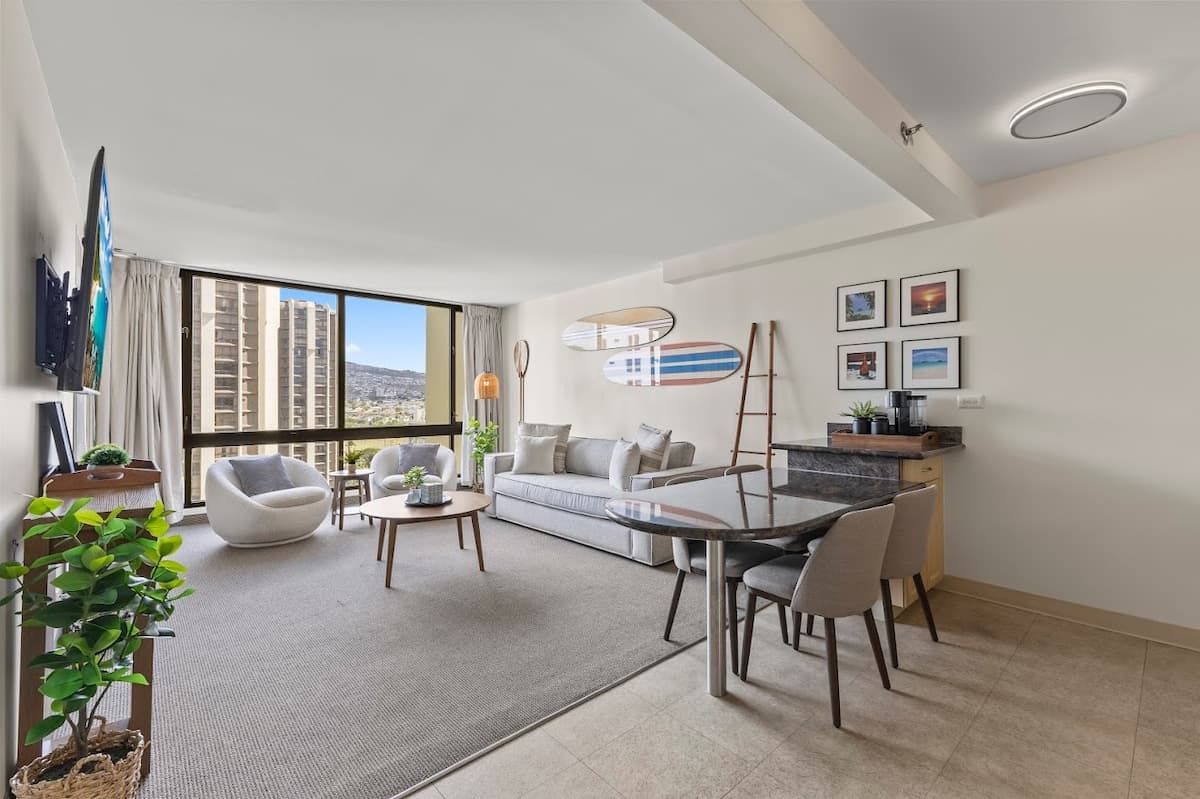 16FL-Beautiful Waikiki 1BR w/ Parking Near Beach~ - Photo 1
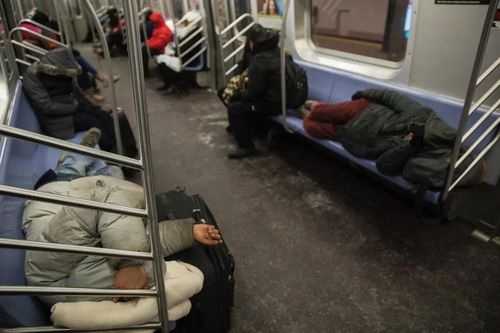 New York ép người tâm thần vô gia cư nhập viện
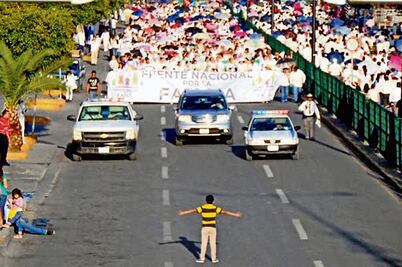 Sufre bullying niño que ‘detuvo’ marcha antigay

——

• Aim of the exercise:
Each line of the data must be restated exactly, and the pictures must be left out.

• Exercise answer:
 16FL-Beautiful Waikiki 1BR w/ Parking Near Beach~ - Photo 1
 New York ép người tâm thần vô gia cư nhập viện
 Sufre bullying niño que ‘detuvo’ marcha antigay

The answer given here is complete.